Dhillon is the latest of several Bay Area figures Trump has tapped for his second administration, joining tech investor David Sacks, Stanford University health policy professor Dr. Jay Bhattacharya and Tesla CEO Elon Musk, who also owns the former Twitter social media platform X, founded SpaceX and cofounded Neuralink.

Dhillon declined to comment for this story, said spokesperson and GOP strategist Matt Shupe.

“I’m extremely honored by President Trump’s nomination to assist with our nation’s civil rights agenda,” she said on X, where she has one million followers.

If confirmed by the U.S. Senate, Dhillon would lead the Justice Department’s enforcement of civil and constitutional rights, including the Voting Rights Act and the Americans with Disabilities Act. The division also prosecutes hate crimes and forces reforms upon police departments marred by misconduct.

Dhillon’s prominent role as a Trump attorney and Make America Great Again acolyte has long put her at odds with Newsom and San Franciscans in the famously liberal city, where she has lived for two decades.

And although Vice President Kamala Harris easily defeated Trump in Bay Area counties, Dhillon is one of several locals he’s tapping to work in his administration.

The incoming president appointed Silicon Valley tech investor Sacks as chief policy advisor on artificial intelligence and cryptocurrency. Sacks is an associate of Musk, who is co-leading a division in Trump’s administration to slash government spending.

To lead the National Institutes of Health, Trump nominated Bhattacharya, an economist and Stanford professor of health policy. An outspoken critic of the nation’s public health system, he also was a leading critic of government shut-down orders and mask mandates during the pandemic.

Dhillon was born in India and moved with her family to rural North Carolina as a child. She told Time Magazine in 2023 she was exposed to conservative politics by her parents, who saw alignment with the GOP’s values and their Sikh religion. Admitted to Dartmouth College at age 16, she landed a job at the Heritage Foundation, a prominent conservative think tank, and went to law school at the University of Virginia.
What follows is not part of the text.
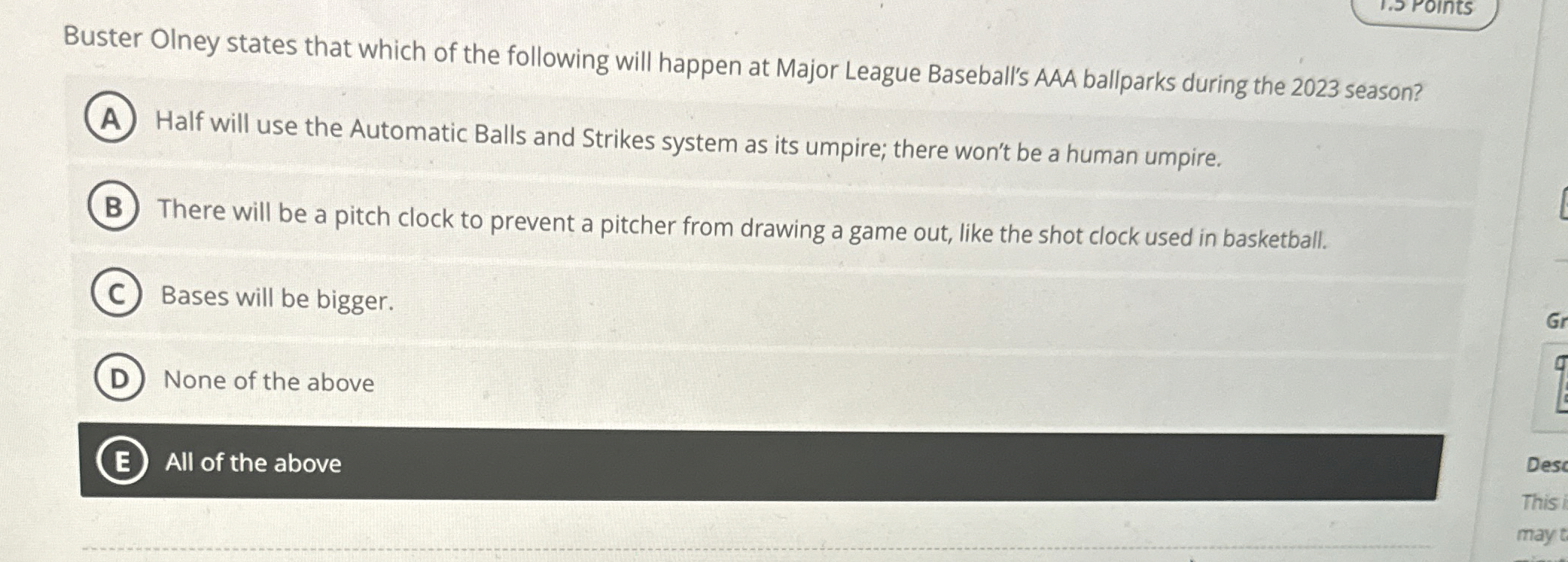 Buster Olney states that which of the following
She founded her own law firm in 2006, and later launched the Center for American Liberty, a conservative legal nonprofit.
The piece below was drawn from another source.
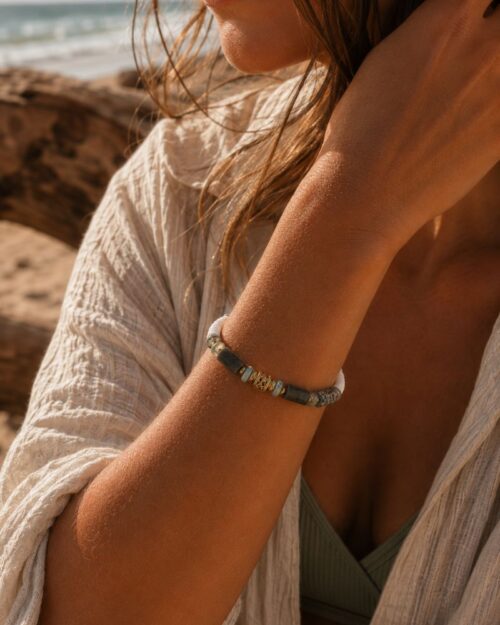bracelet mahana style surf labradorite & onyx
On her watch in 2021, the nonprofit sued California to challenge its pandemic-era ban on indoor worship on behalf of a Pentecostal church in Gilroy.
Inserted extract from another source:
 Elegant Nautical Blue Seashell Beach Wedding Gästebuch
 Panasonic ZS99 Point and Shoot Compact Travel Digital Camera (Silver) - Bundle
The nonprofit also sued a Monterey County school district for allegedly encouraging a sixth grader to use different pronouns without parental consent, and represented Chloe Cole, a formerly transgender activist from the Central Valley who de-transitioned and now supports bans on gender-affirming care for minors.

“If you look at the cases that Harmeet takes on, especially the civil liberties cases, I think they really show her heart for people who are being oppressed,” said Center for American Liberty Executive Director Mark Trammell.

He added that Dhillon will defend the civil rights of all in her new post, without regard for someone’s identity or political orientation. But transgender activists and queer media, including the online site LGBTQ Nation, describe her as “anti-trans.”

Dhillon is also a longtime politico in national Republican circles, despite having never held office herself. In 2008 and 2012, she ran unsuccessfully to represent San Francisco in the Legislature and was trounced by Democratic candidates, the San Francisco Chronicle reported. In 2023, Dhillon also fell short in her bid to chair the Republican National Committee.

She was an advisor on Trump’s 2020 campaign but didn’t personally participate in its legal battles to challenge election results, said Shupe, the spokesperson. Those efforts were widely dismissed as without merit.

“She did not do any of the lawsuits actually charging any of the results,” Shupe said.

Elsewhere, Dhillon represented Trump in a legal victory against pornographic actress Stormy Daniels last year, as well as former Fox News host Tucker Carlson, who was accused of gender-based discrimination by producer Abby Grossberg.